Eine zentrale Erkenntnis von Clare Graves: Bewusstseinsentwicklung verläuft nicht linear, sondern sowohl kontinuierlich innerhalb eines Levels als auch sprunghaft beim Übergang zum nächsten. Diese Sprünge passieren meist nicht freiwillig – sie sind Reaktionen auf äußere Herausforderungen, die mit dem bisherigen Werte- und Verhaltenssystem nicht mehr bewältigt werden können. Und das geschieht sowohl auf der individuellen als auch kollektiven Ebene.
Graves formulierte dies folgendermaßen: „“Kurz zusammengefasst behaupte ich, dass die Psychologie reifer Menschen ein sich entfaltender, aus vorhergehenden Stadien hervorgehender, oszillierender, spiralförmiger Prozess ist, gekennzeichnet durch die Unterordnung älterer Verhaltenssysteme mit geringerem Rang, der zu neueren darüber liegenden höheren Systemen fortschreitet, wenn sich die existentiellen Probleme der Menschheit verändern.“
Diese Formulierung beinhaltet ein paar interessante Aspekte:
- Es ist ein sich-entfaltender (‚emergenter‘) Prozess
Neue existentielle Probleme werden durch die Entwicklung neuer Wertesysteme gelöst. Nach Graves gibt es hier keine finale Ebene, die Entwicklung nach ‚oben‘ ist offen. - Der Prozess ist spiralförmig
Gewisse Stadien werden auf höherer Bewusstseins- bzw. Werteebene wieder durchlaufen. Dies ist hier nicht weiter skizziert. - Wechselwirkung System – Umwelt
Diese Entwicklung ist ein Wechselspiel zwischen ‚System‘ (Individuum / Kollektiv) und der Umwelt. Daher wird oft von einer ‚Doppelhelix‘ gesprochen, welche beides abbildet.
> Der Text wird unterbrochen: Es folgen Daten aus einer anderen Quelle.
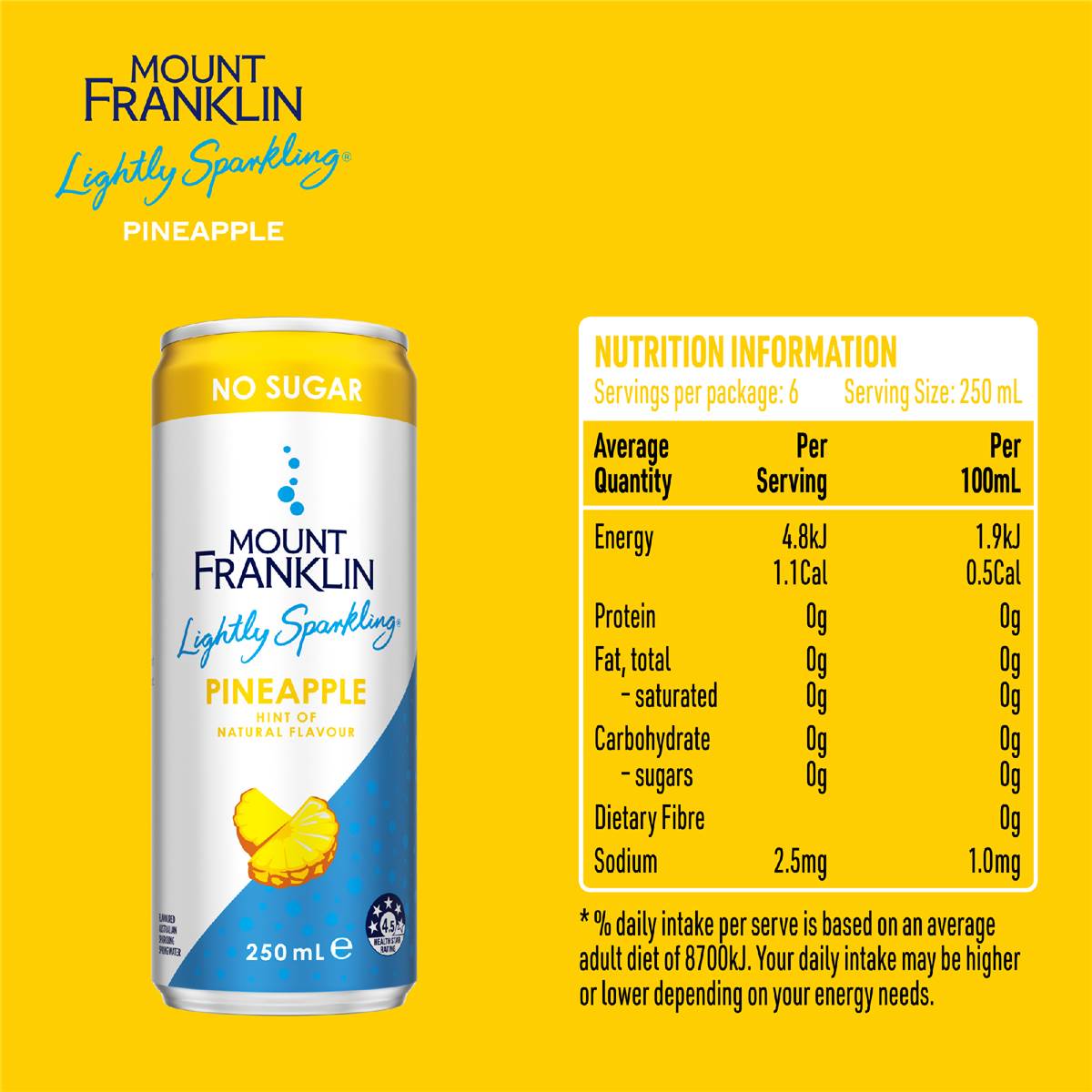 Mount Franklin Sparkling Water Cans Pineapple 250mL x 6 pack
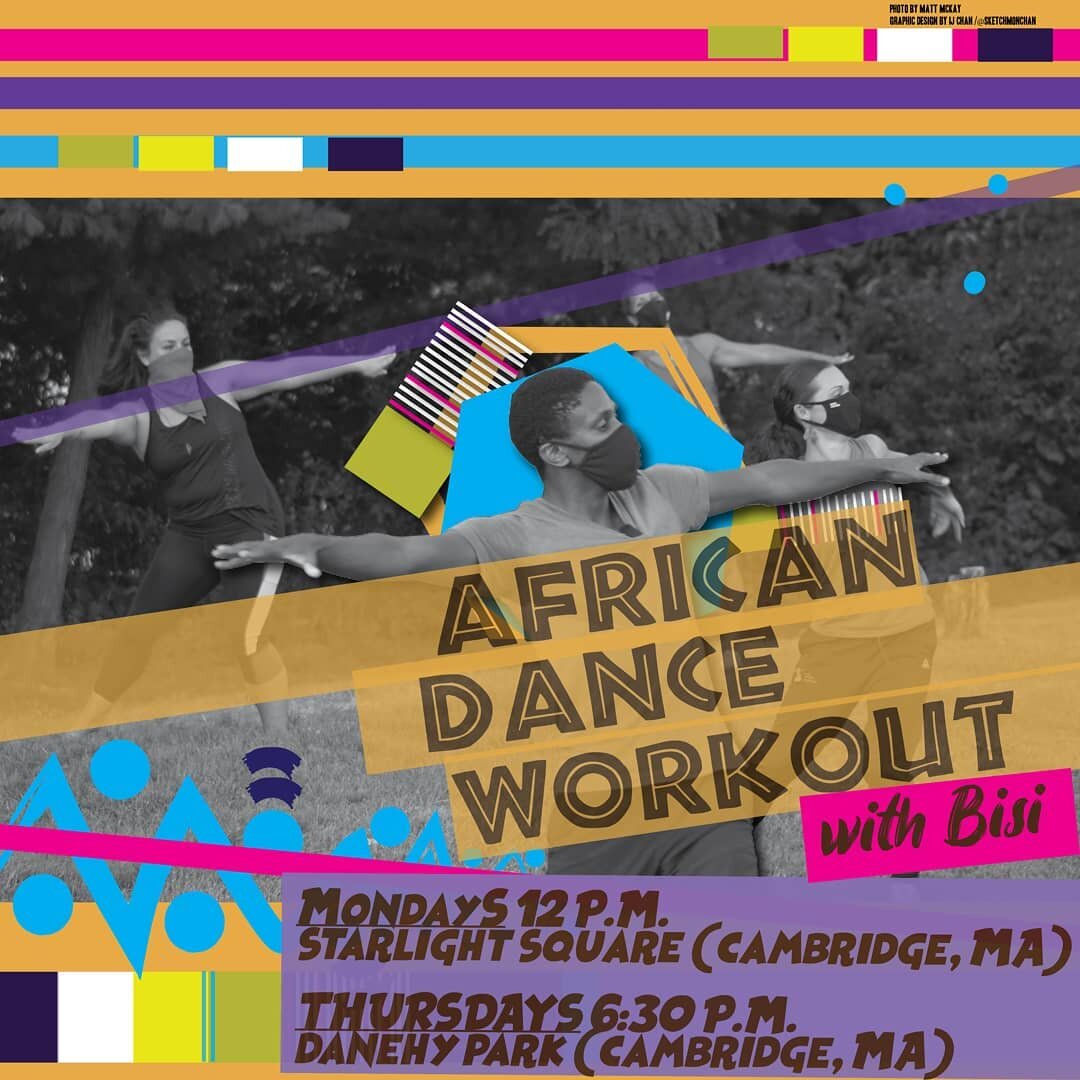 You have TWO chances to sweat with @mcedance this week during his African Dance class outdoors in Cambridge, MA. Mondays from 12-1pm ET at Starlight Square and Thursday from 6-7pm ET in Danehy Park. Grab your shoes, mask and water and sign up for cla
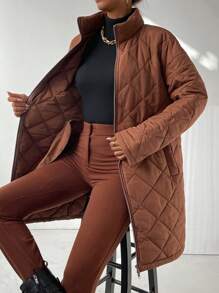 SHEIN LUNE Women's Winter Clothes Padded Padded Coat/Padded Coat - Brown - View 8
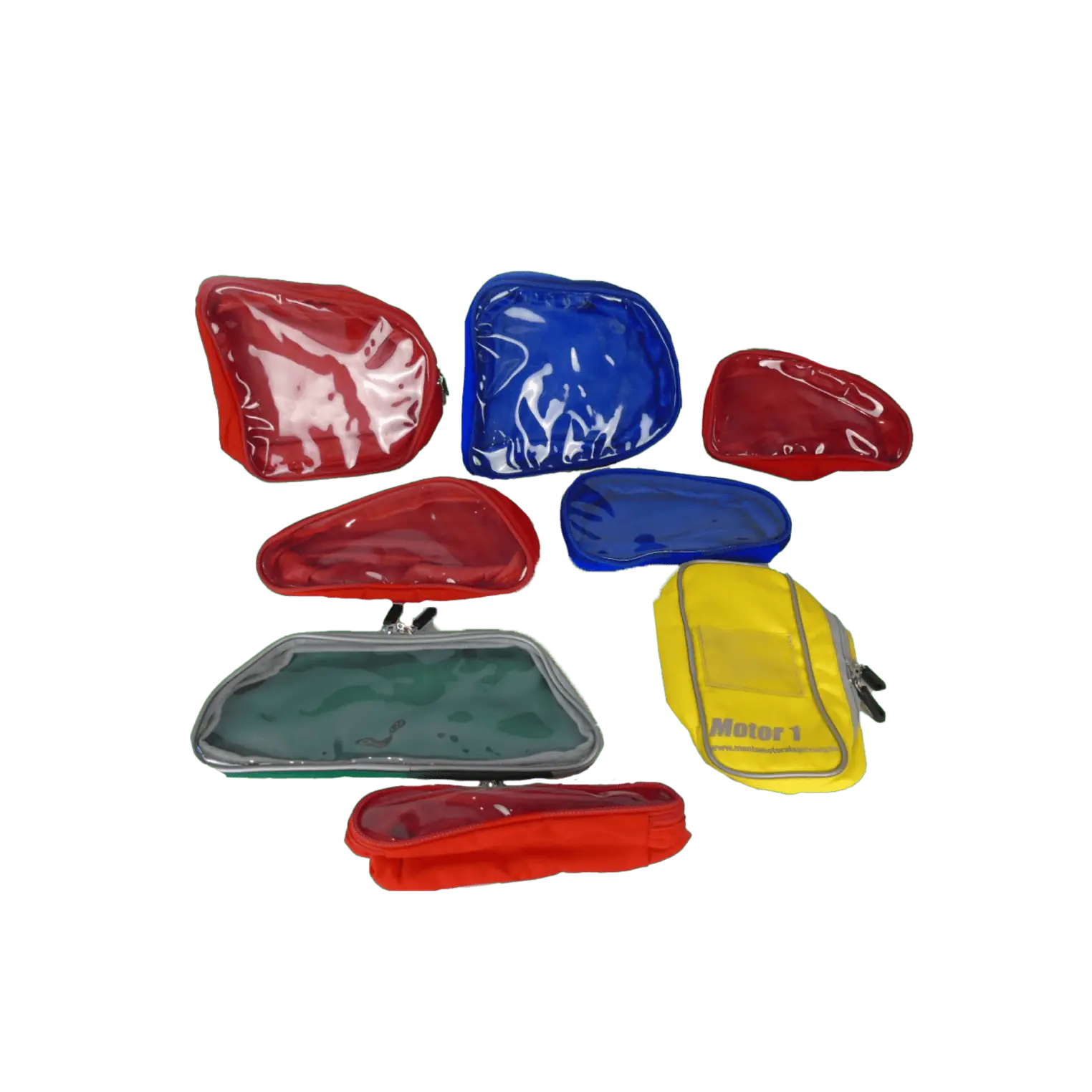 Multicolour Cordura Single Skin Pouches – Set of 8 Multicolour Cordura Single Skin Pouches – durable medical pouches and coloured pouches set designed for organised storage and quick access.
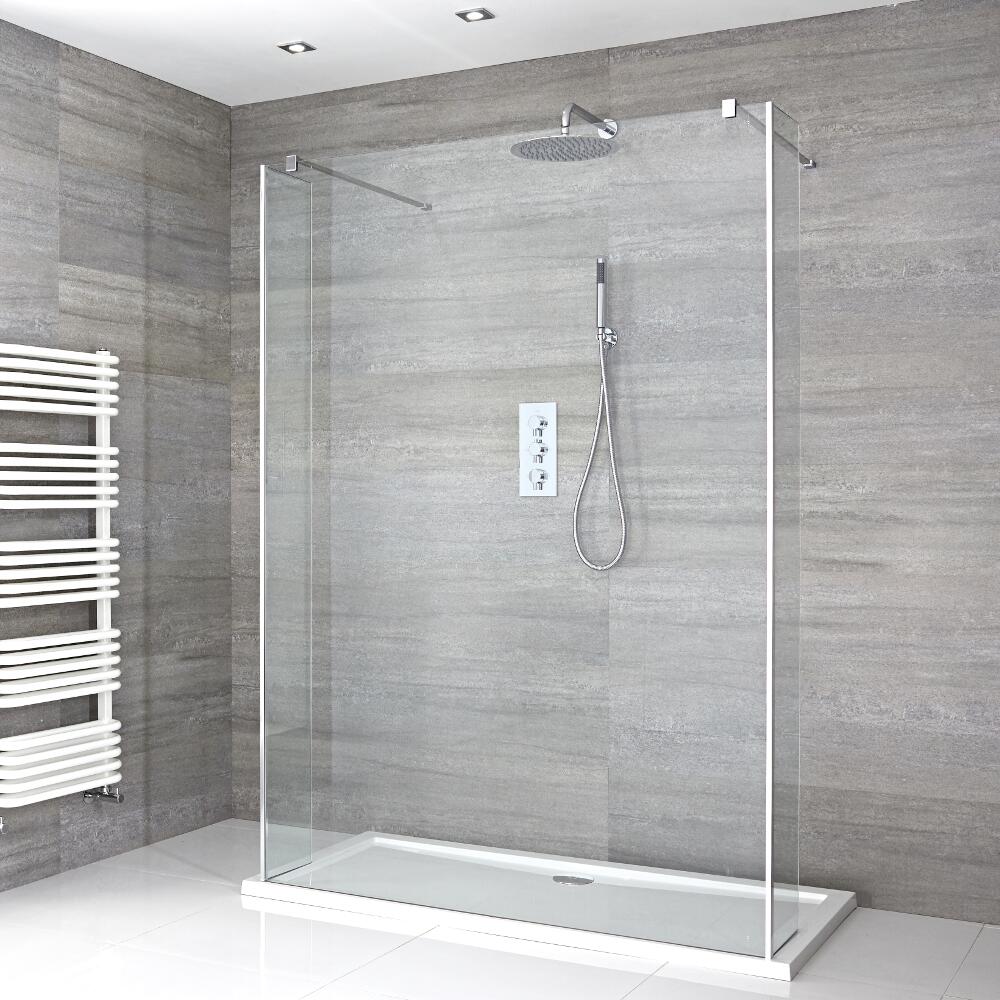 Kit Doccia Walk-In 1000x800mm con Pannello di Vetro “Flottante”, 2 Pareti Doccia e Piatto Doccia Standard – Portland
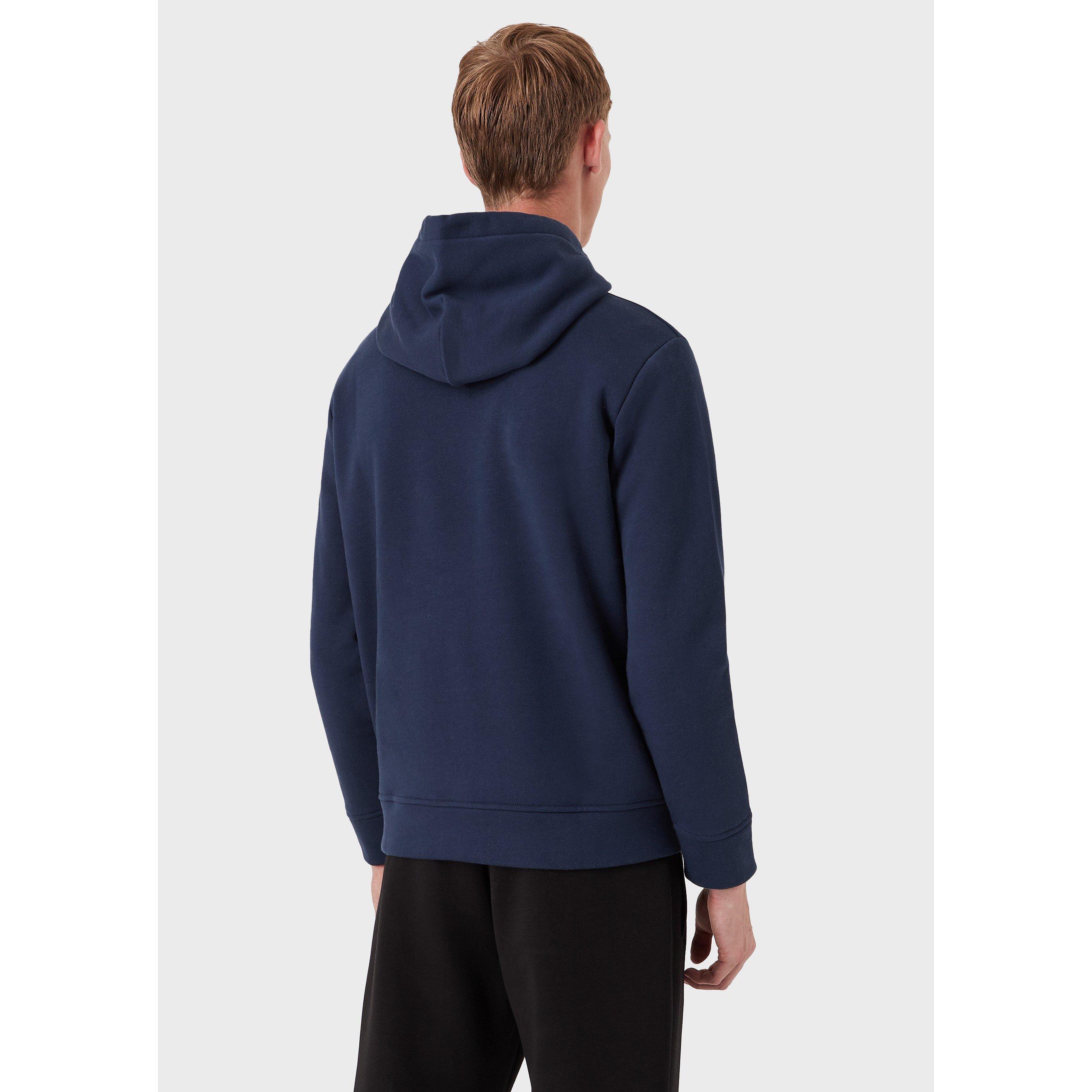 Royal Blue - Emporio Armani - Men's Log Patch Hoodie - 3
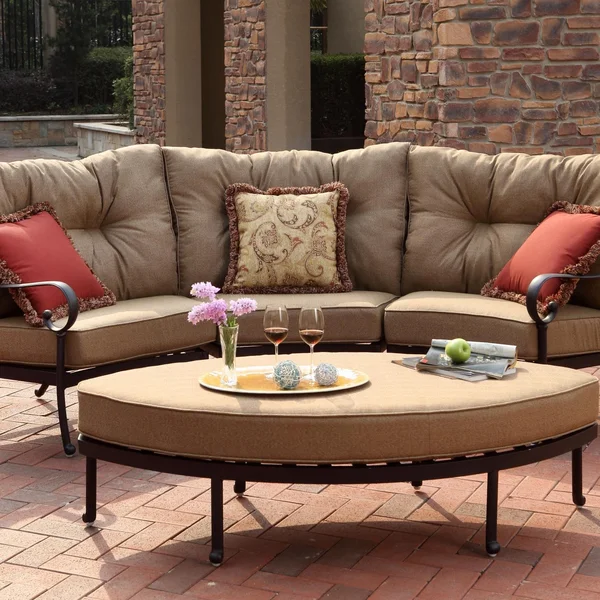 Santa Anita 4 Pc Cast Aluminum Sectional Seating Set w/ Leaf Shape Ottoman in Antique Bronze/Linen Sesame by Darlee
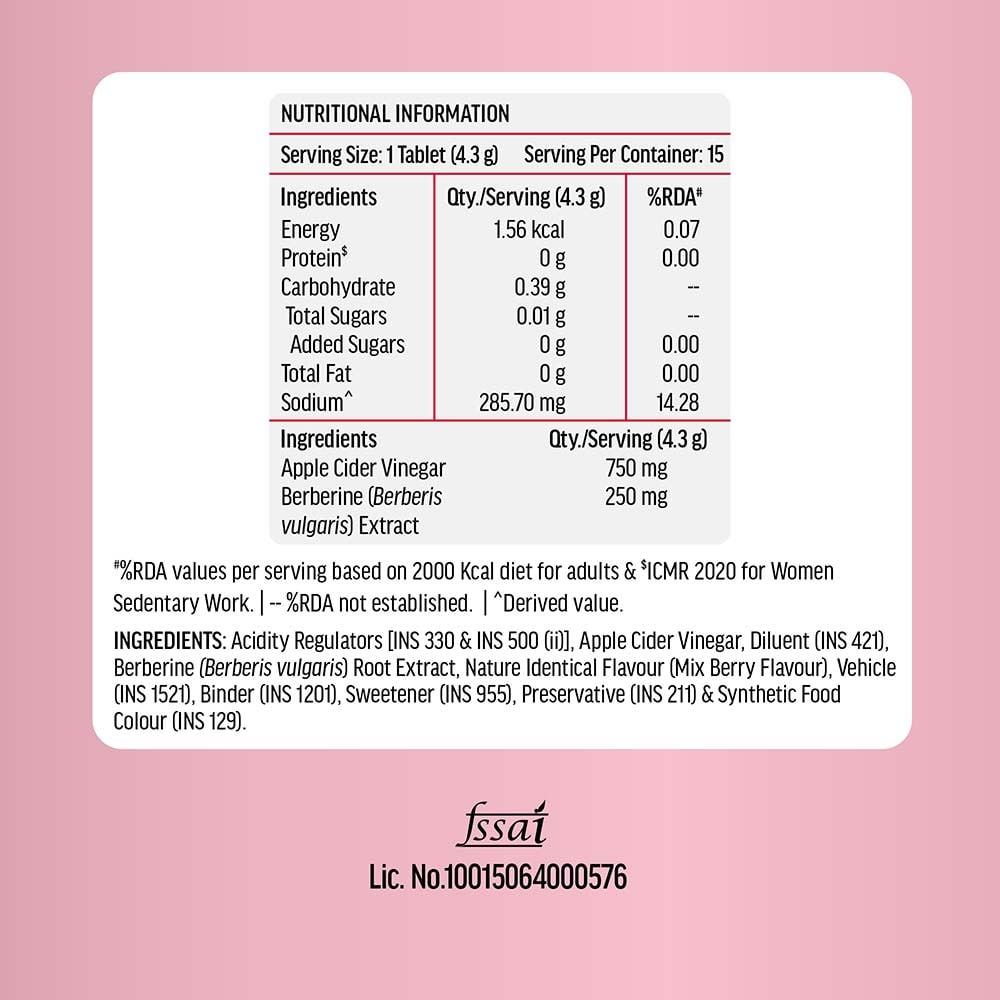 12 - HK Vitals 3x Metabolic  ACV + Berberine Effervescent,  30 tablet(s)  Mixed Berry (Pack of 2)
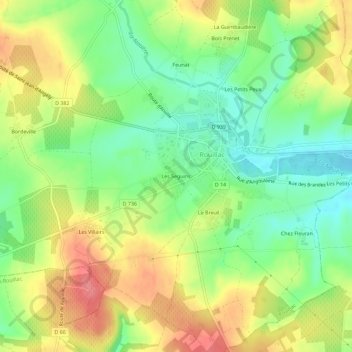 Mapa topográfico Les Seguins, altitude, relevo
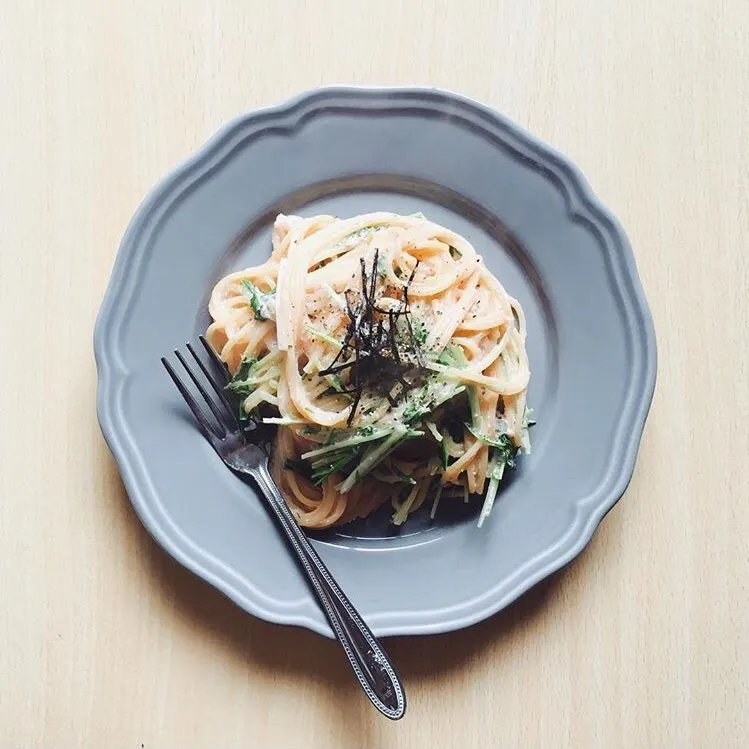 明太子と水菜のパスタ|長い谷の川さん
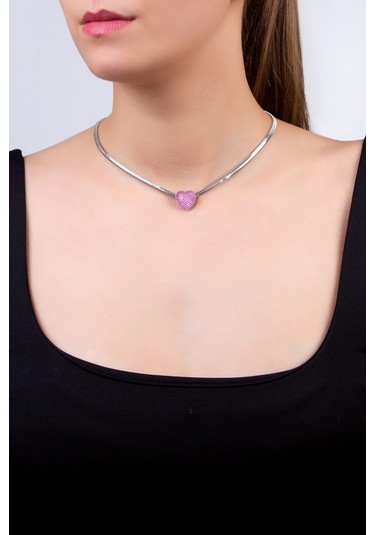 Pembe Kalp 18 Ayar Beyaz Altın Kaplama Gümüş Charm
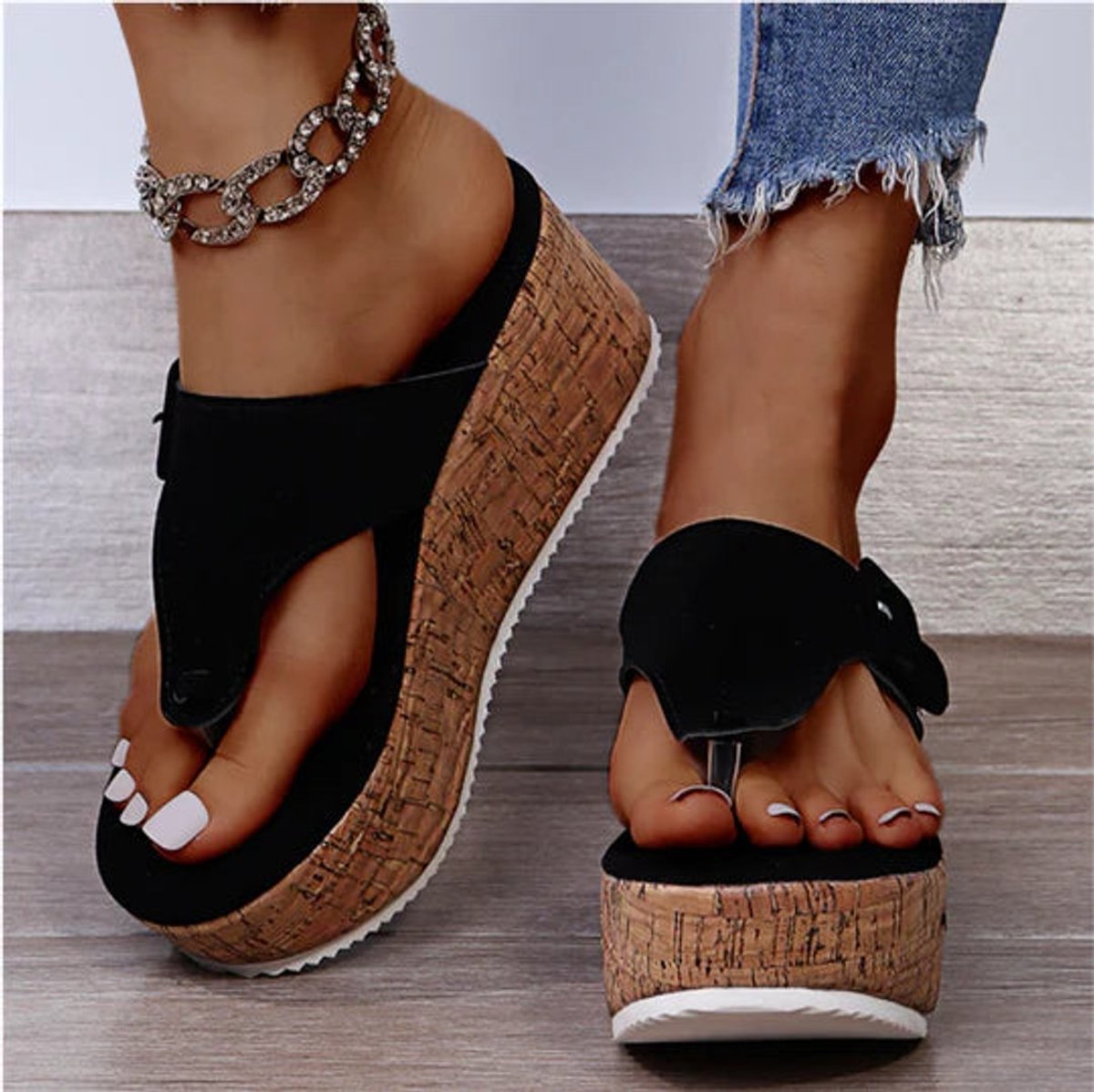 Women's Cork Wedge Platform Comfortable Sandals Thong Flip-Flop - Black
Passen die Werte des ‚Systems‘ zur Umwelt, spricht man von Passung. - Es ist eine Art Pendelbewegung – abwechselnd stehen das Individuumund die Gemeinschaft im Fokus
- Integration & vollständiges Durchlaufen der vorherigen Ebenen
Eine Ebene lässt sich dabei nicht einfach überspringen. Jedes Level baut auf den vorherigen auf und muss vollständig integriert sein, um langfristig wirksam in ein neues Bewusstsein hineinzuwachsen. Mit dem Modell kann leichter erkannt werden, wenn gewisse Ebenen ‚gefaked‘ werden. Gerne wird z.B. so getan, als könnte man von orange direkt zu gelb springen (z.B. im Berater-Business), oder von blau zu grün (z.B. gemeinschaftlich orientierte Menschen/Gruppen/Wohnformen, welchen es auf der ‚linken‘ Seite an Reifung fehlt)Wichtig hier: „Höher“ heißt nicht automatisch „besser“. Je nach Kontext können frühere Levels genauso hilfreich sein – entscheidend ist die Passung zur aktuellen Situation.
Beispiele:
- Der Führungsstil in einem patriarchal geführten Unternehmen ist im Graves‘schen Modell lila. Sofern das der richtige Rahmen für alle Mitarbeiter ist, liegt hier Passung vor.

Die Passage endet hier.